On 4/18/18 3:27 AM, Christoph Hellwig wrote:
On Wed, Apr 18, 2018 at 05:08:13AM +0800, Yang Shi wrote:
Since tmpfs THP was supported in 4.8, hugetlbfs is not the only
filesystem with huge page support anymore. tmpfs can use huge page via
THP when mounting by "huge=" mount option.

When applications use huge page on hugetlbfs, it just need check the
filesystem magic number, but it is not enough for tmpfs. So, introduce
ST_HUGE flag to statfs if super block has SB_HUGE set which indicates
huge page is supported on the specific filesystem.
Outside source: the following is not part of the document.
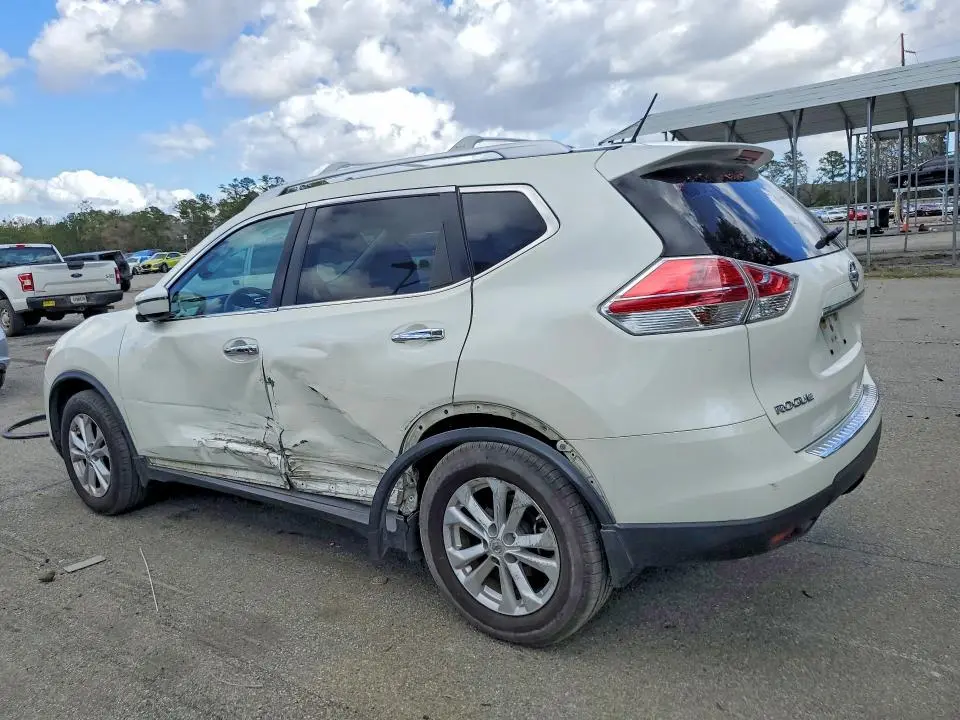 2016 NISSAN ROGUE SV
Some applications could benefit from this change, for example QEMU.
When use mmap file as guest VM backend memory, QEMU typically mmap the
file size plus one extra page. If the file is on hugetlbfs the extra
page is huge page size (i.e. 2MB), but it is still 4KB on tmpfs even
though THP is enabled. tmpfs THP requires VMA is huge page aligned, so
if 4KB page is used THP will not be used at all. The below /proc/meminfo
fragment shows the THP use of QEMU with 4K page:

ShmemHugePages: 679936 kB
ShmemPmdMapped: 0 kB

With ST_HUGE flag, QEMU can get huge page, then /proc/meminfo looks
like:

ShmemHugePages: 77824 kB
ShmemPmdMapped: 6144 kB

With this flag, the applications can know if huge page is supported on
the filesystem then optimize the behavior of the applications
accordingly. Although the similar function can be implemented in
applications by traversing the mount options, it looks more convenient
if kernel can provide such flag.

Even though ST_HUGE is set, f_bsize still returns 4KB for tmpfs since
THP could be split, and it also my fallback to 4KB page silently if
there is not enough huge page.
Seems like your should report it through the st_blksize field of struct
stat then, instead of introducing a not very useful binary field then.
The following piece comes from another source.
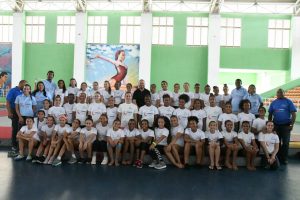 Fedogim reúne mejores talentos en campamento Panam 2022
Yes, thanks for the suggestion. I did think about it before I went with the new flag. Not like hugetlb, THP will *not* guarantee huge page is used all the time, it may fallback to regular 4K page or may get split. I'm not sure how the applications use f_bsize field, it might break existing applications and the value might be abused by applications to have counter optimization. So, IMHO, a new flag may sound safer.

Yang